We can only speculate whether he would have lasted nine years had it not been for 9/11 and the "war on terror". A previous dictator, General Zia-ul-Haq (1977-88), had similarly become a vital cog in the imperial war machine during the Soviet occupation of Afghanistan.

The monsters spawned then were the perpetrators of the assault on the Pentagon in 2001. Musharraf and his generals had to unravel the only victory the Pakistan army had ever won: the conquest of Kabul via the Taleban. In a complete about turn, Pakistani military bases were made available to the US to occupy Afghanistan.

Ever since Zia's time, the soldiers had been inoculated with Islamist ideology. After 9/11, Musharraf was telling the same soldiers the target had been changed. They had to kill "terrorists", i.e., other Muslims. It almost cost him his life (two assassination attempts came close), but he remained loyal to Washington and vice versa. His Western allies saw no contradiction in backing a general when "democracy and human rights" were the virtues preached to the rest of the world. Warring against the jihadis made him unpopular with the soldiery, who began to resign in droves.

It was his clash with a turbulent Chief Justice, Iftikhar Chaudhury, who had begun to issue judgments favouring victims of state brutality and corruption and the disappearances of citizens in the name of the war on terror. The Chief Justice was sacked and angry lawyers began a campaign for his re-instatement. Musharraf backed down, only to impose a state of emergency and sack him and other judges again.

Had this happened in a country not favoured by Nato, all hell would have broken loose. Not in this case.
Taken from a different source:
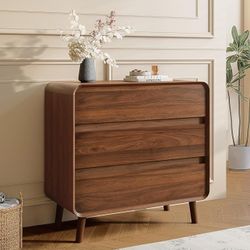 3 Drawer Dressers for Bedroom, Curved Dresser with Storage Drawer, Wooden Bedroom Furniture Drawer for Closet, Walnut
In January, the Chief Justice wrote to Nicolas Sarkozy, Gordon Brown, Condoleezza Rice and the president of the European Parliament.

The letter, which remains unanswered, explained the real reasons for Musharraf's actions: "At the outset you may be wondering why I have used the words 'claiming to be the head of state'. That is quite deliberate. General Musharraf's constitutional term ended on 15 November 2007. His claim to a further term thereafter is the subject of active controversy before the Supreme Court of Pakistan.
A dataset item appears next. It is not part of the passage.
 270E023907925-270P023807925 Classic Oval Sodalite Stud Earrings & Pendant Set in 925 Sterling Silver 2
"It was while this claim was under adjudication before ... the Supreme Court that the general arrested a majority of those judges in addition to me on 3 November 2007. He thus himself subverted the judicial process, which remains frozen at that point. Besides arresting the Chief Justice and judges (can there have been a greater outrage?) he also purported to suspend the constitution and to purge the entire judiciary of all independent judges.

"Now only his hand-picked and compliant judges remain willing to 'validate' whatever he demands. And all this is also contrary to an express and earlier order passed by the Supreme Court on 3 November 2007.

"With Musharraf's fall, the demand to reinstate the Chief Justice will grow: lawyers are threatening a new street campaign.

A survey carried out last May for the New America Foundation revealed that 28 per cent of Pakistanis favour a military role in politic, as compared to 45 per cent in August 2007; that 52 per cent regard the US as responsible for the violence in Pakistan; that 74 per cent oppose the "war against terror" in Afghanistan.

A majority favours a negotiated settlement with the Taleban; 80 per cent hold the government and local businessmen responsible for food scarcity; only 11 per cent see India as the main enemy. None of this appeals to the country's rulers who prefer to live in a bubble of their own. Post-Musharraf Pakistan will stumble on, its people trapped between the hammer of a military dictatorship and the anvil of political corruption.

There is a way out, but the political and military rulers and their Western backers have always ignored it: serious land reforms, the creation of a proper social infrastructure and the establishment of at least a dozen teacher-training universities to lay the basis for a proper educational system. Malaysia has done so. Why not Pakistan?